Your goal ->
Set the data down again, exactly as it reads, but without the pictures.

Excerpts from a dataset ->
----------
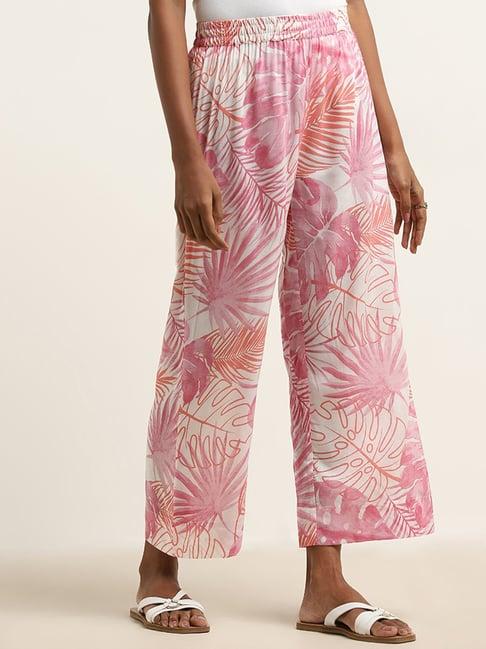 utsa by westside pink leaf design high-rise palazzos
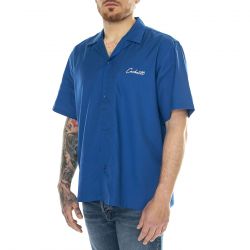 CARHARTT WIP-S/S Delray Shirt Acapulco / Wax - Camicia Maniche Corte Uomo Blu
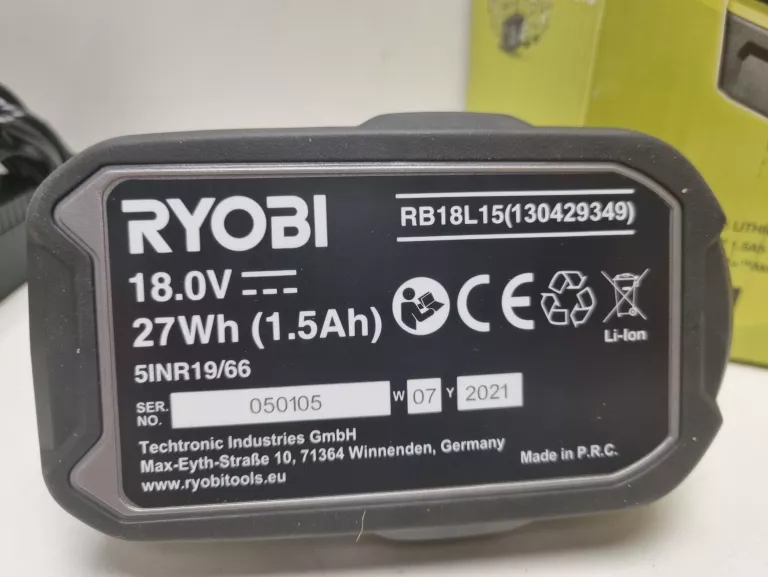 AKUMULATOR 18V 1,5AH I ŁADOWARKA RYOBI RC18120-11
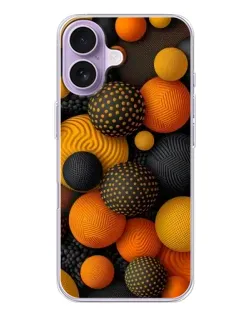 Чохол для iPhone 17 з картинкою «Об'ємні помаранчеві сфери»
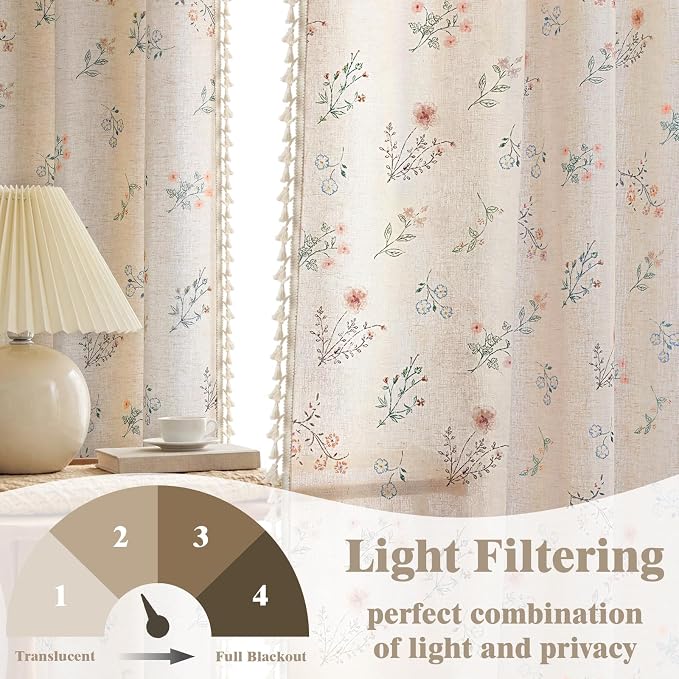 Boho Floral Spring Light Filtering Curtains 90 Inch Length 2 Panels Set, Farmhouse Semi Sheer Bedroom Living Room Vintage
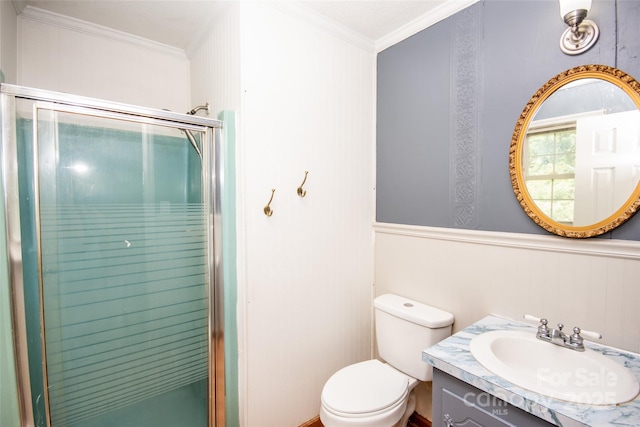 224 Mountain View Rd, Statesville, NC 28625 - bathroom featuring a stall shower, vanity, crown molding, and wainscoting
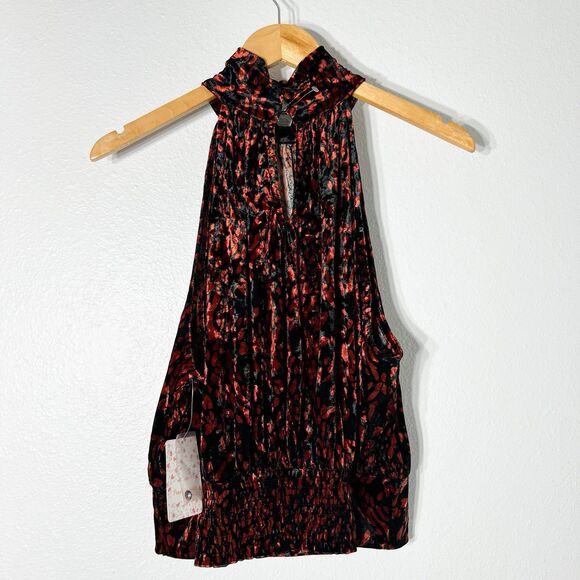 Free People Halter Top Large Black Combo Velvet Take a Breath Boho NWT - Picture 4 of 12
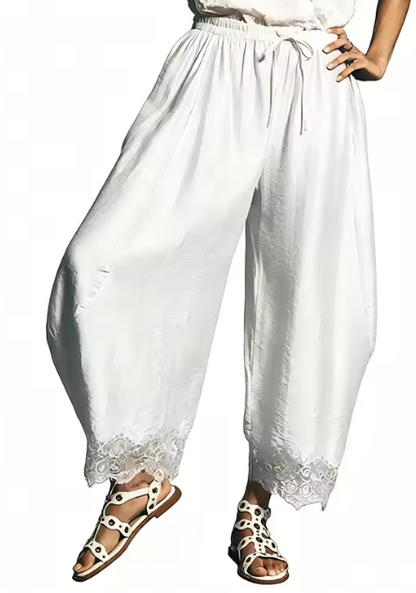 Boho Wide-Leg Capri Pants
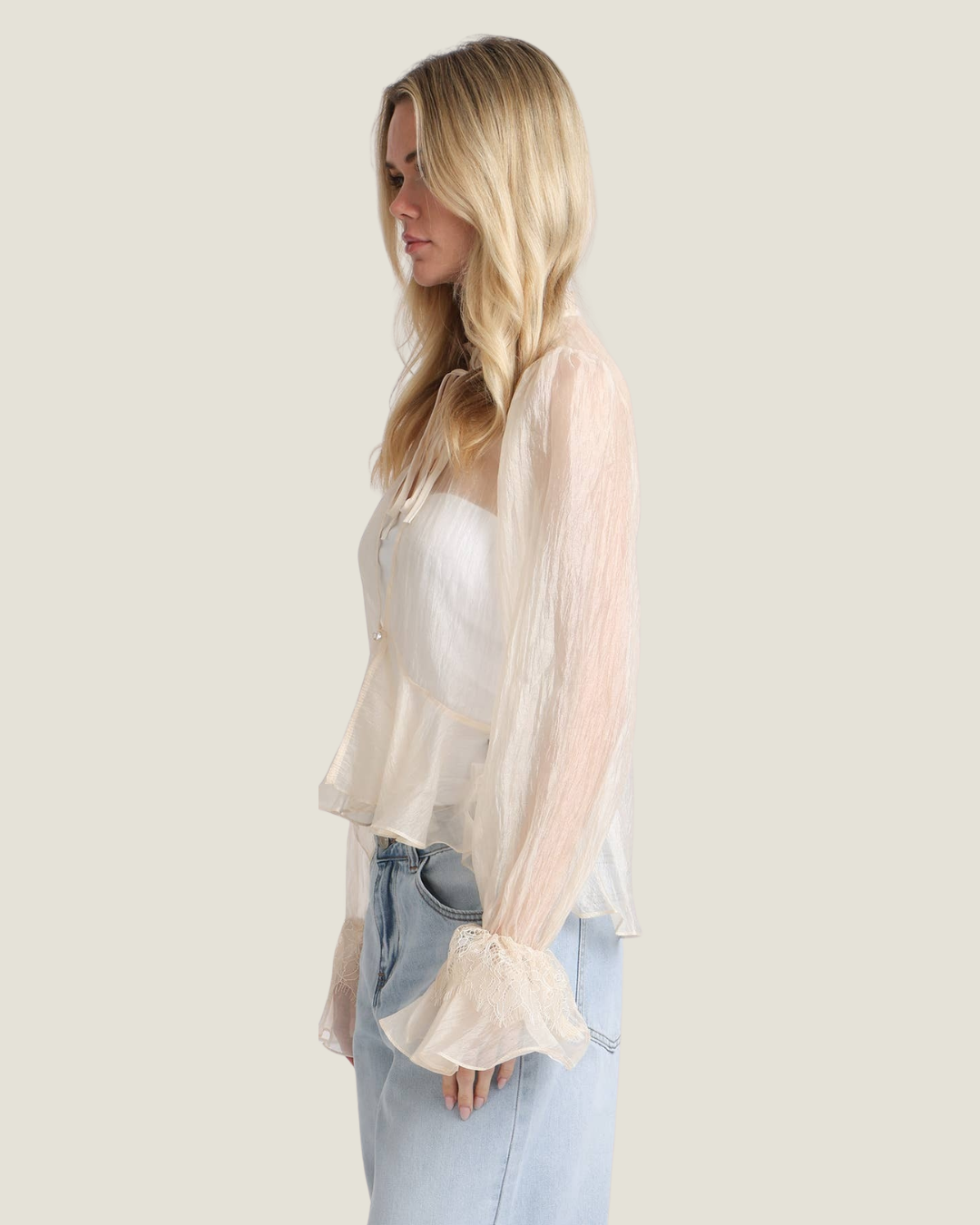 Sage Keyhole Ruffled Saffron Blouse Top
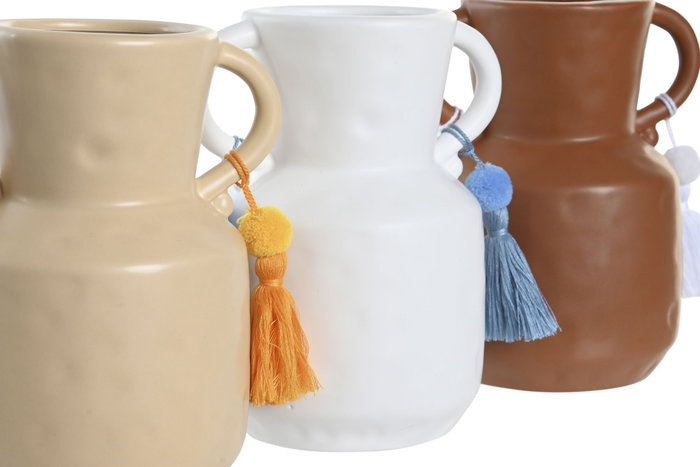 DKD Home Decor Jarrón Dolomite Algodón Flecos Surtido de 3 DKD Home Decor Jarrón Dolomite Algodón Flecos Surtido de 3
----------
Task answer ->
 utsa by westside pink leaf design high-rise palazzos
 CARHARTT WIP-S/S Delray Shirt Acapulco / Wax - Camicia Maniche Corte Uomo Blu
 AKUMULATOR 18V 1,5AH I ŁADOWARKA RYOBI RC18120-11
 Чохол для iPhone 17 з картинкою «Об'ємні помаранчеві сфери»
 Boho Floral Spring Light Filtering Curtains 90 Inch Length 2 Panels Set, Farmhouse Semi Sheer Bedroom Living Room Vintage
 224 Mountain View Rd, Statesville, NC 28625 - bathroom featuring a stall shower, vanity, crown molding, and wainscoting
 Free People Halter Top Large Black Combo Velvet Take a Breath Boho NWT - Picture 4 of 12
 Boho Wide-Leg Capri Pants
 Sage Keyhole Ruffled Saffron Blouse Top
 DKD Home Decor Jarrón Dolomite Algodón Flecos Surtido de 3 DKD Home Decor Jarrón Dolomite Algodón Flecos Surtido de 3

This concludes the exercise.